Even though Lee had let the cat out of the bag much earlier, it didn’t take away from the historic decision of awarding Julia Ducournau’s second feature that shocked Cannes with its mind-numbing, body-horror thriller about a female killer who has sex with a Cadillac and gets impregnated. (Yes, you read that right!)
Touted as one of the wildest and most shocking features to have ever been shown in the history of the festival, Titane’s triumph is a massive achievement with regard to the horror genre itself. Ducournau’s debut feature Raw had also premiered at Cannes where it had won the FIPRESCI Award in 2016. “This evening has been so perfect because it was not perfect,” said an overwhelmed Ducournau.

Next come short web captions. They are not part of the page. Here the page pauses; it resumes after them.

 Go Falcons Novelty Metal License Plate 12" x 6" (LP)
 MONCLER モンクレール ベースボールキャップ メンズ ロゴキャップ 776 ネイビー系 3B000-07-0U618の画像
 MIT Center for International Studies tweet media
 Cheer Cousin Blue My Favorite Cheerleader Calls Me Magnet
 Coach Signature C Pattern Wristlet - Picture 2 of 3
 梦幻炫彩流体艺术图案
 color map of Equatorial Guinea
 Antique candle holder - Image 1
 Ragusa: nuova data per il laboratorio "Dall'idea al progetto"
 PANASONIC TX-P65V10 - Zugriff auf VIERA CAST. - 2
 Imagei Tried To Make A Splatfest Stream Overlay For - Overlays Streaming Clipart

This win also makes the 37-year-old French film-maker only the second female director ever to win the Palme d’Or in the festival’s 74-year history. Jane Campion had won it for The Piano way back in 1993. “Quite frankly, I hope that the prize I received has nothing to do with being a woman. There will be a third, there will be a fourth, there will be a fifth,” said Ducournau.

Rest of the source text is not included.